TASK DETAILS: Starting with the line that contains "生物降解購(gòu)物袋", repeat exactly every line through the last one in the records below, and leave out the pictures.

RECORD SET:
* * *

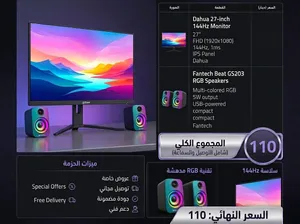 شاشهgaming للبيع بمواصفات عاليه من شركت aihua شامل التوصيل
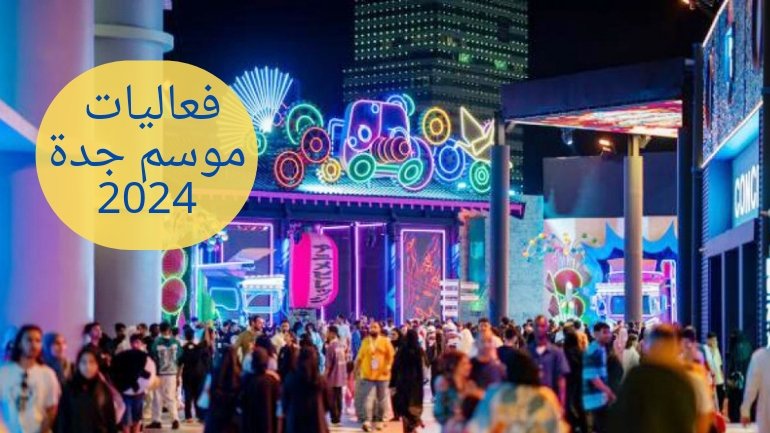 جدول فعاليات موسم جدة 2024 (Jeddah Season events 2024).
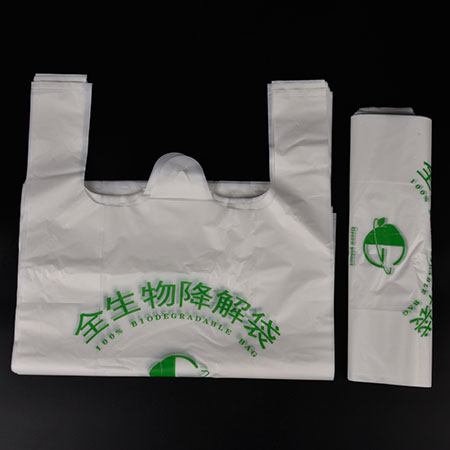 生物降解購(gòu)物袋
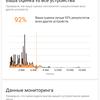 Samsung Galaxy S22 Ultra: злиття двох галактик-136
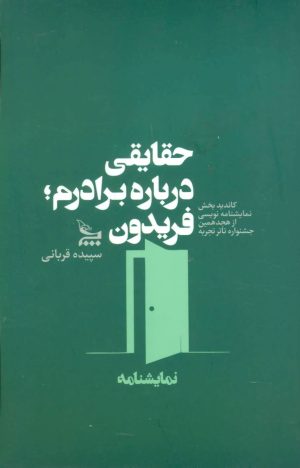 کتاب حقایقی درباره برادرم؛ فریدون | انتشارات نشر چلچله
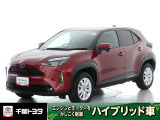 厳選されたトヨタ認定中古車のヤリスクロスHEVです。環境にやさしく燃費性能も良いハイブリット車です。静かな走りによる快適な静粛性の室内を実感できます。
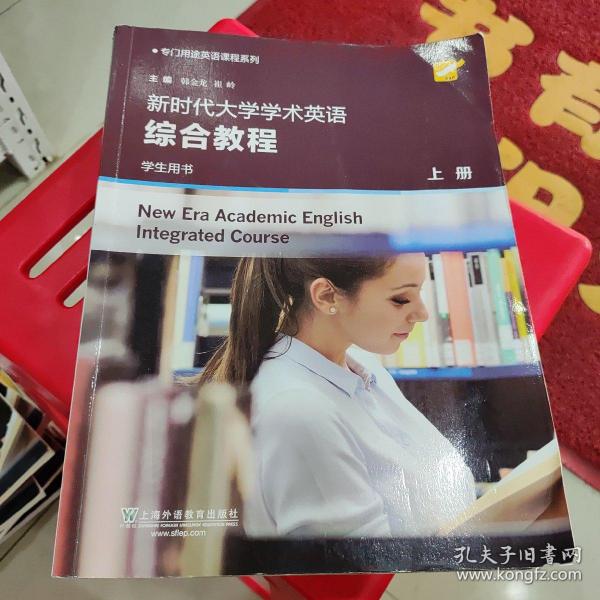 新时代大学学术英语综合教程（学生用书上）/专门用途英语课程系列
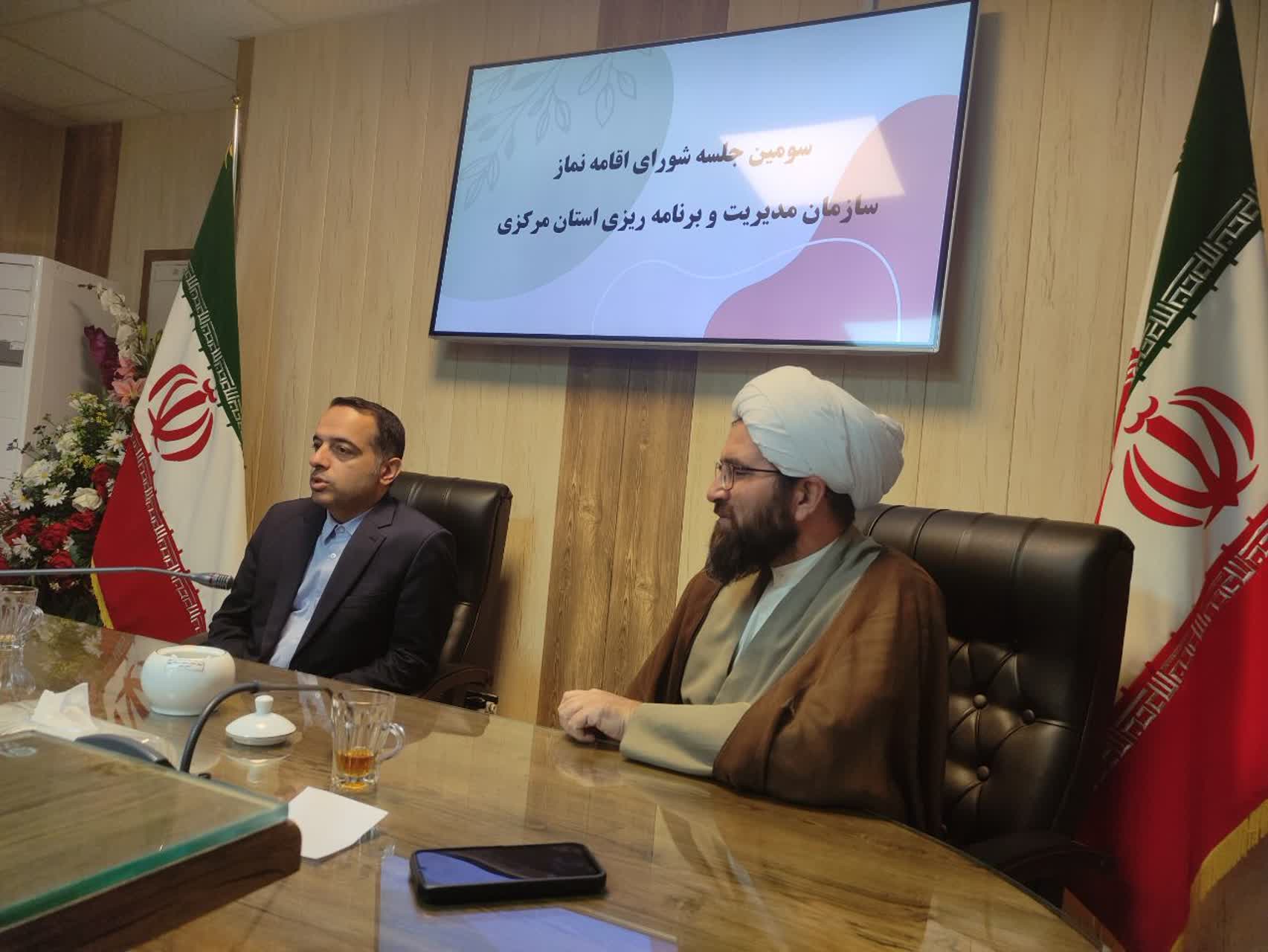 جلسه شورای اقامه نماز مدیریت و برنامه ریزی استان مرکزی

* * *

SOLUTION TO THIS EXERCISE:
 生物降解購(gòu)物袋
 Samsung Galaxy S22 Ultra: злиття двох галактик-136
 کتاب حقایقی درباره برادرم؛ فریدون | انتشارات نشر چلچله
 厳選されたトヨタ認定中古車のヤリスクロスHEVです。環境にやさしく燃費性能も良いハイブリット車です。静かな走りによる快適な静粛性の室内を実感できます。
 新时代大学学术英语综合教程（学生用书上）/专门用途英语课程系列
 جلسه شورای اقامه نماز مدیریت و برنامه ریزی استان مرکزی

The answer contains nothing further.